Литературная матрица: учебник, написанный писателями. ХХ век - стр. 26
Красная обувь могла в разных видах стоять на книжной полке хуторского дома. В издании сказки «Красная Шапочка» начала XX века на ярких картинках девочка ходит не только в красном головном уборе, но и в красных башмаках. Может, ребенка мучают раскаленные докрасна железные башмаки из сказки братьев Гримм «Белоснежка и семь гномов» (cытинское издание 1898 года) – их злой мачехе надели. Но, скорее всего, «Красные башмаки» его напугали – с отрубленными пляшущими ножками и перевернутыми глазами, по которым мухи ползают. Эта сказка с красивыми иллюстрациями есть в издании 1879 года. Так что гибель Нефеда – на совести датского сказочника.

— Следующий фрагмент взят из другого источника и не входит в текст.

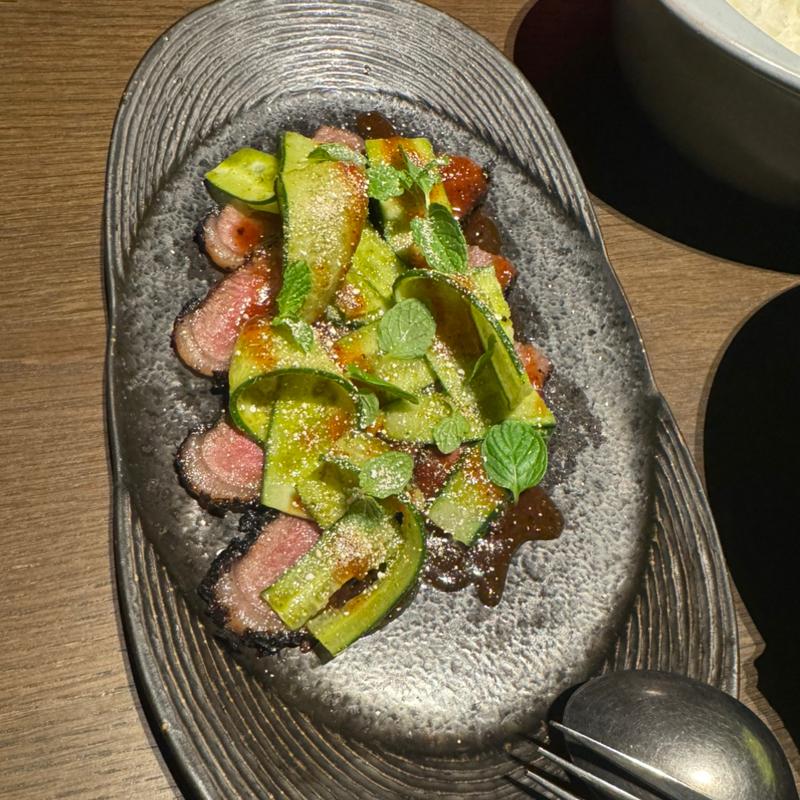 牛肉のタマリンドジウソース(サーワーンビストロ)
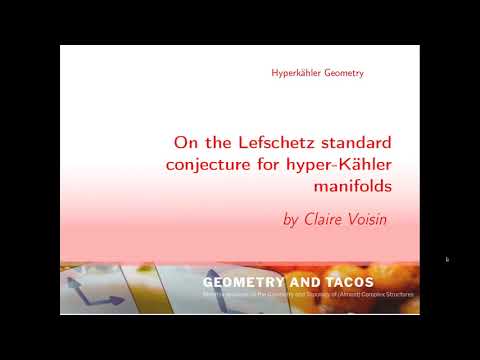 On the Lefschetz standard conjecture for hyper-Kähler manifolds - Claire Voisin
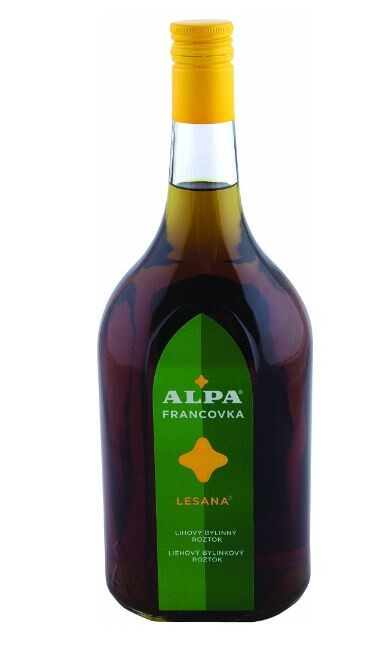 Alpa Francovka bylinný lihový roztok Lesana 1000 ml
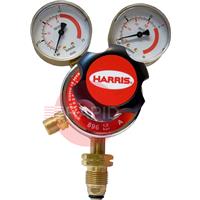 H1041 Harris 896 Acetylene Two Stage Two Gauge Regulator 1.5 Bar, 5/8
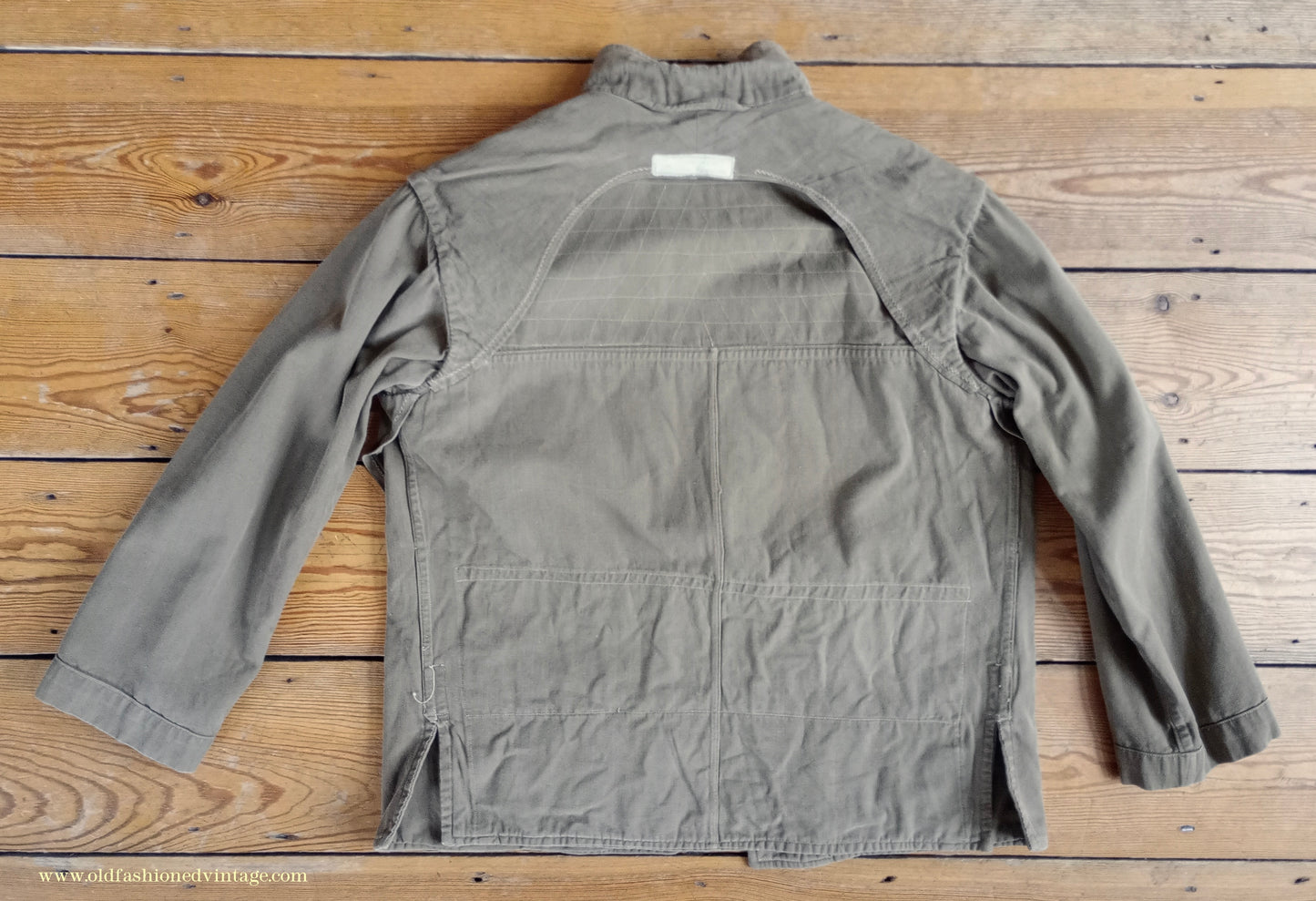 Vintage Mens 1950s Italian Maremmana Hunting Jacket Khaki Cotton 36"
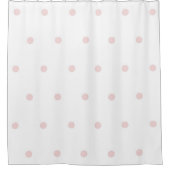 Pink Pastel Polka Dots Pattern Whimsical シャワーカーテン (正面)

Итак, в своих поздних рассказах Бунин, говоря о русском человеке, обращается к древней, сказочной Руси. О русском – былинном, допетровском, дохристианском – говорится в рассказе «Чистый понедельник» (1944). Героиня как бы прозревает глубинный «адописный» смысловой слой в обыденном православии. Обедают в трактире: «Хорошо! Внизу дикие мужики, а тут блины с шампанским и Богородица Троеручица. Три руки! Ведь это Индия! Вы – барин, вы не можете понимать так, как я, всю эту Москву». Ее вдохновляет старообрядчество с древним пением по крюкам, могучие, в длинных черных кафтанах певчие, дьяконы Пересвет и Ослябя. Девушка сама как многослойная икона, в ней сочетаются самые неожиданные вещи – вот она «в одном шелковом архалуке» жарко целуется, потом проводит вечер в самых роскошных московских ресторанах с цыганами, а с утра ездит на кладбища и в кремлевские соборы. Целуя ее, герой думает: «Москва, Астрахань, Персия, Индия». Богатая изысканная барыня, знающая толк в хорошей еде и хорошей выпивке («и к наважке хересу» – я это с юности запомнила на всю жизнь), соблазнительная и соблазняющая, похожая на Шамаханскую царицу, вдруг уходит в монастырь. Для героя этот ее поступок также дик и непонятен, как для барина в «Косцах» мухоморный ужин. Такое впечатление, будто крепких жизнерадостных людей засасывает трясина древнего болота, про которое сложено много легенд.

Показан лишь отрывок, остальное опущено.